Friday, November 26, 2010



Jim Anderton doesn't understand MMP

Progressive party leader Jim Anderton has a bold piece in the New Zealand Herald today, declaring that History shows a change of government is on the cards. Despite polls showing National and its allies consistently polling above 50%, Anderton thinks Labour can do it. How?

Marginal seats are often pivotal to election victory and that's where New Zealand's election next year will be won or lost. Currently, the National-led coalition Government of four parties has 16 more seats in Parliament than the Labour-led opposition of three parties. How many more seats does Labour have to win to be in a position to form the next government by having more seats than National?

The answer is only nine seats - if the nine seats are won by Labour off National and Labour wins all its current seats.

In Labour's favour, National has nine "marginal" seats which would be lost to Labour with a swing of less than 3 per cent.

Which may very well be true, but at the same time it is totally irrelevant to the question of who forms the next government.

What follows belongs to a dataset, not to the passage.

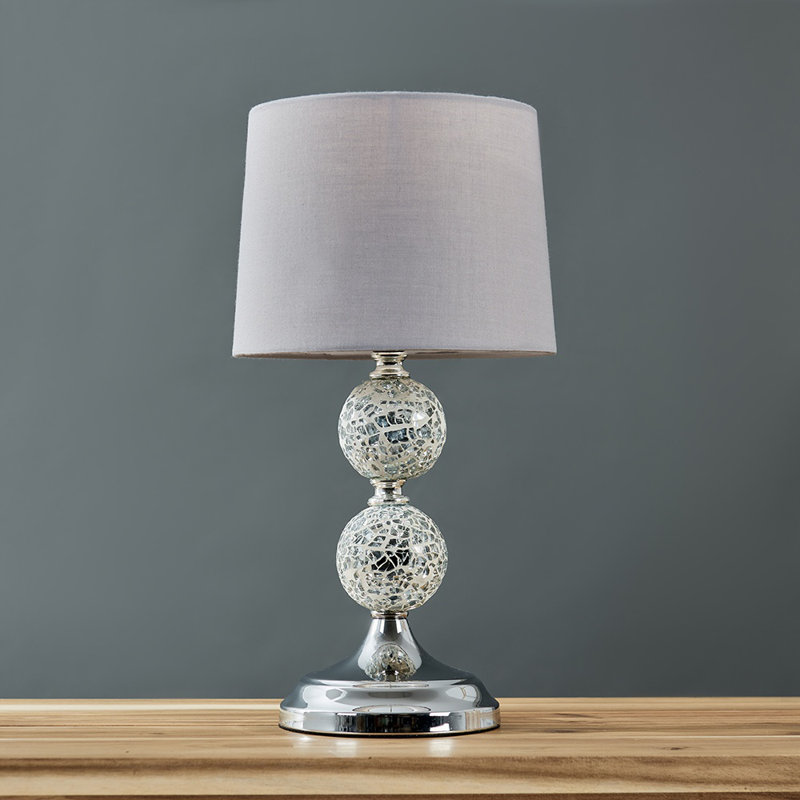 Korbin Metal Table Lamp, Grey, No Bulb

Under MMP, electorates don't matter, except around the margins of low-polling parties and overhangs. What decides governments is the party vote and coalition formation. Rather than showing how Labour can win the next election, all Anderton has shown is that he doesn't understand MMP.

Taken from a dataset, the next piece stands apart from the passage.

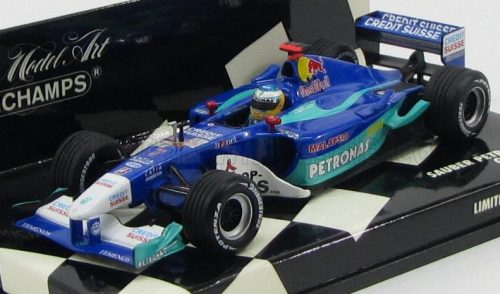 Minichamps - SAUBER F1  C21 PETRONAS N 7 GP USA 2002 N.HEIDFELD BLUE MET GREEN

So how can Labour win? Firstly, by boosting their party vote, something which requires them to campaign nationwide rather than just in a few marginal seats. That sounds hard, but they'll have inertia on their side; incumbent governments rarely get more popular, especially in a recession. National is unlikely to improve on its result from last election, and those votes will have to go somewhere. Labour needs to make sure they go to them.

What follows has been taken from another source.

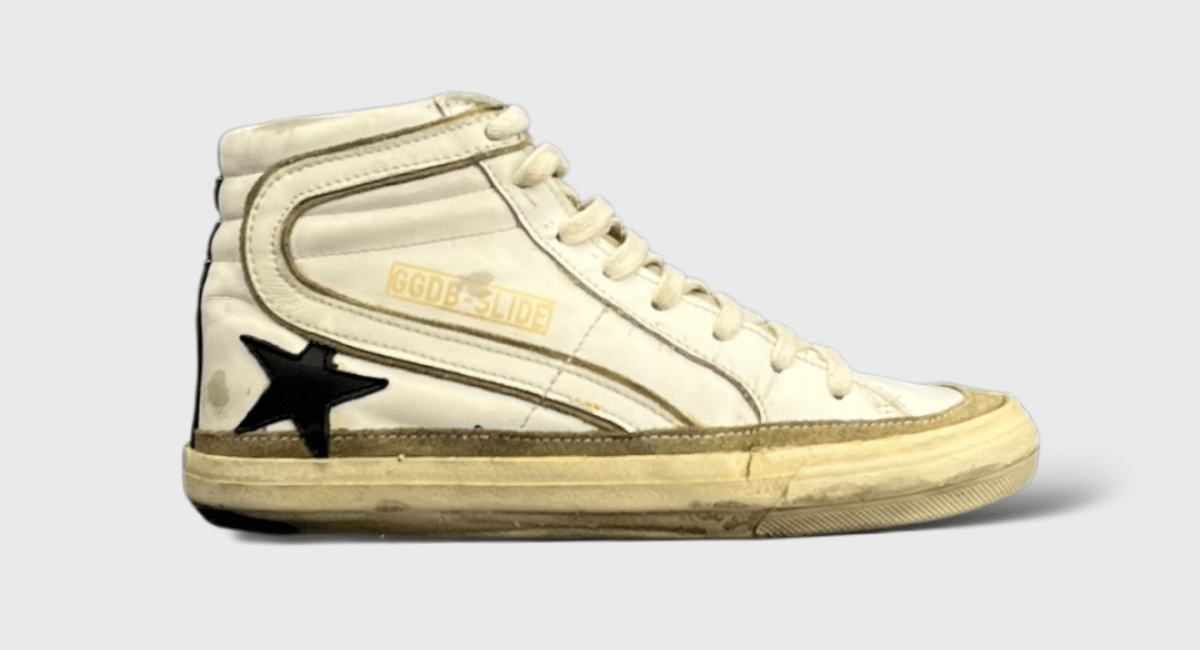 0000000439 Golden Goose Slide blanc/noir/gris 35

Secondly, there's the coalition process. If National's vote drops by only a few percent, they face the prospect of being reliant on the Māori Party, either in an ungainly three-way coalition with ACT (assuming they stay in Parliament), or alone. In either case, that opens the way for Labour to form an alternative government by wooing the Māori Party away from National and into coalition with them and the Greens. And that's their real challenge. As for whether they can do it, given their legacy of bad blood and the current way they're treating them, I'm doubtful.